Fragging problems

R

rcreations

Guest
I decided to frag some of my mushroom colonies and started off by cutting a few of the mushroom polyps off the rock. I cut them at the base so each polyp looks whole. Then I wanted to attach them to these small aragonite plugs I have. I tried it two ways, neither one worked. One I tried to attach with crazy glue. This one stayed attached for a few days, then the current blew it away. The second, I tried to rubberband to the plug. Left it rubberbanded for about 3 days, took off the rubberband and it looked attached. But again, in a few days the current blew it away.
And I'm not placing these in a high current area. I'm at a total loss as to what the problem is. Any help would be greatly appreciated!
 

nacl freak

Member
I image even though it's not high current, it's more than the shrooms like and they are detacting themselves. Just a guess.
 

grabbitt

Active Member
The mushrooms are detaching, as nacl freak stated. The best method seems to be leaving them in a tupperware container with rubble on the bottom of the tank in a low flow area and placing the mushrooms on top of the rubble.
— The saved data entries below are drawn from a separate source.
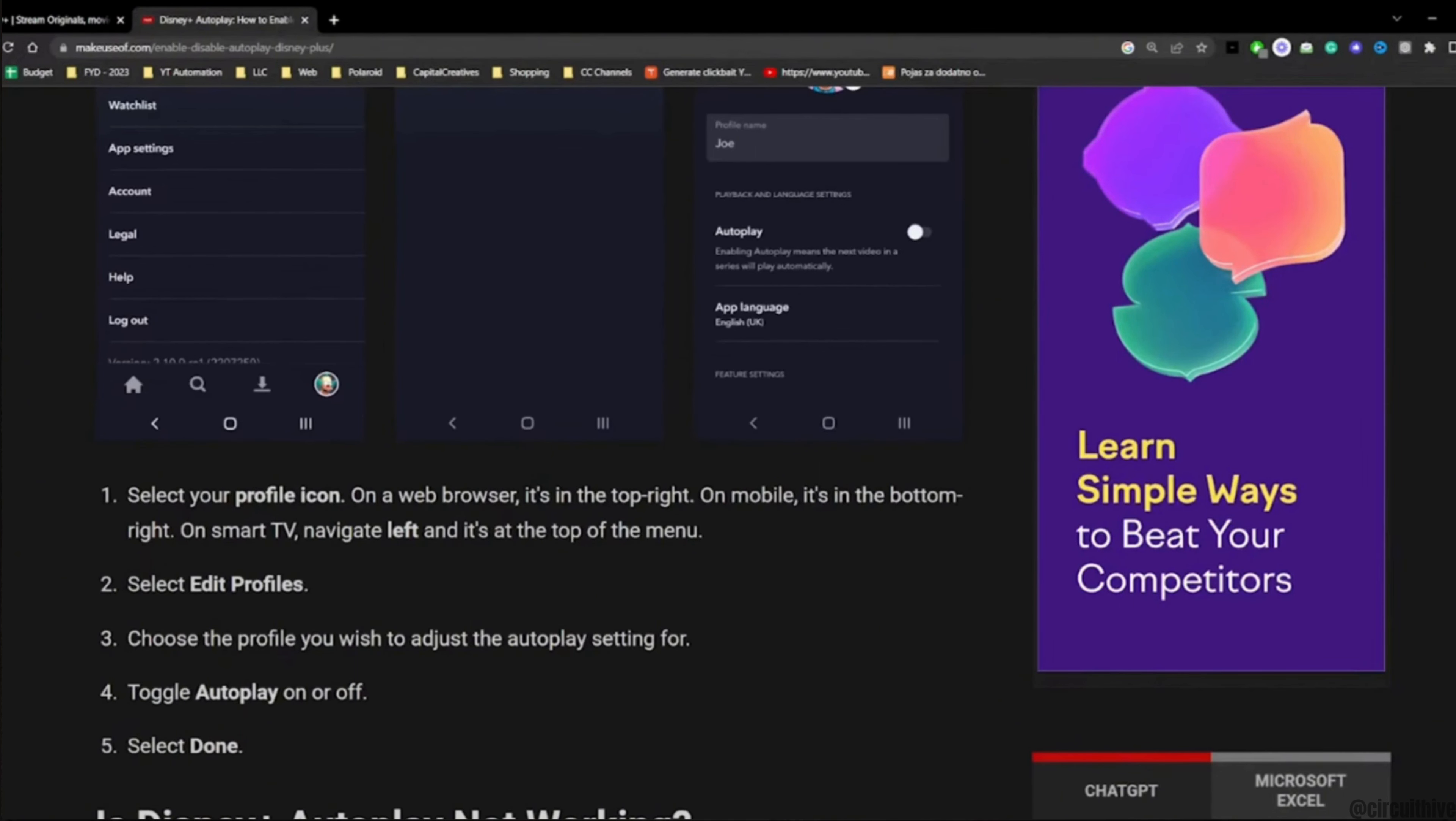The autoplay will be enabled successfully and you'll be good to go. If you want to turn it off, simply toggle off the button. That's all for today and this is how you can turn on or enable autoplay on Disney Plus.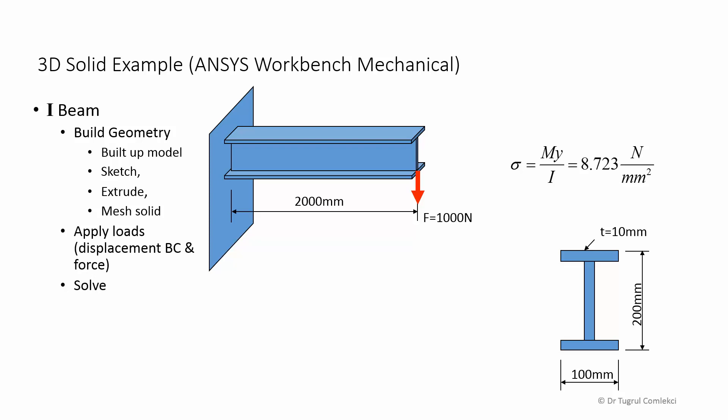This is a three-dimensional solid model example which I'll solve using ANSYS Workbench Mechanical. It's a simple I-beam built into a wall at the left end with a thousand Newton force applied at the right end downwards.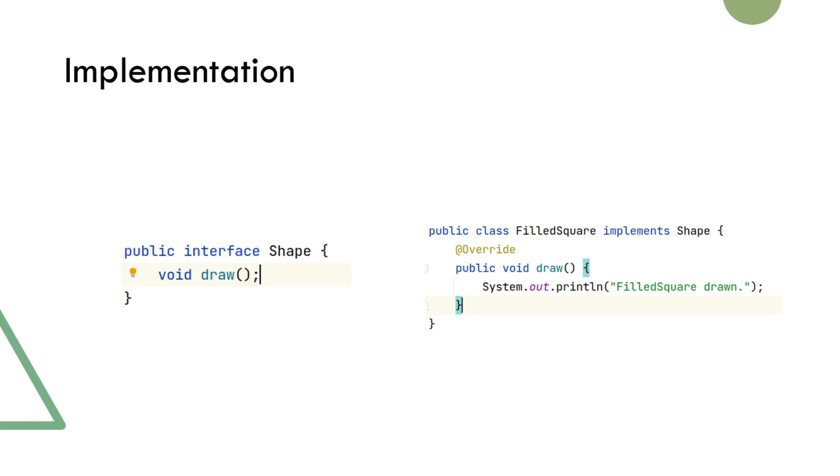Here we have also shown a filled square class implementing the shape interface and its method draw. Implementation of other shape subclasses are almost the same with a slight difference in the message logged.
Leave it there for about a week, and they should attach.
 
R

rcreations

Guest
Could it be the water quality? Because I'm taking them out of my main reef tank where the conditions are perfect and putting the frags in my lionfish FOWLR tank where the conditions are not as good for coral. (less light, more nitrates around 20, lower calcium).
 

nacl freak

Member
What's the parameters in FOWLR tank? If the same, there shouldn't be a problem. It sounded from your desciption the shrooms attached then detatched. Why you ask? Unhappy with too much or to little flow or light.
 
R

rcreations

Guest
I'm sure the parameters in FOWLR are a little different, mainly because I'm not as concerned with keeping the calcium over 400. So I would guess that both alkalinity and calcium are a little different. Plus the lights are nowhere near as good. I think I will take the frags out and do the tupperware method that was suggested and do it in my reef tank.
 

new2salt1

Member
I have attached like 6-7 different species of frags in the last 3 months, and I have tried EVERYTHING. And by far, the best method is a "frag farm."
A frag farm is nothing more than the corner of my tank, partitioned-off by an L-shaped piece of acrylic. The acrylic goes all the way up to the top of the tank so no inverts can get in the space.
At the top of the farm I place a small powerhead and aim it at the side of the tank, so the frags get NO direct flow.
And instead of using glue or bands, I just find LR rubble with holes or deep crevaces, and stick the base of the frags in the holes.
What has happened is the frags will be down in the holes and they will swell up really fast so their surface area is exposed to the light. The lack of stressing inverts and disruptive flow is the combination you need to achieve.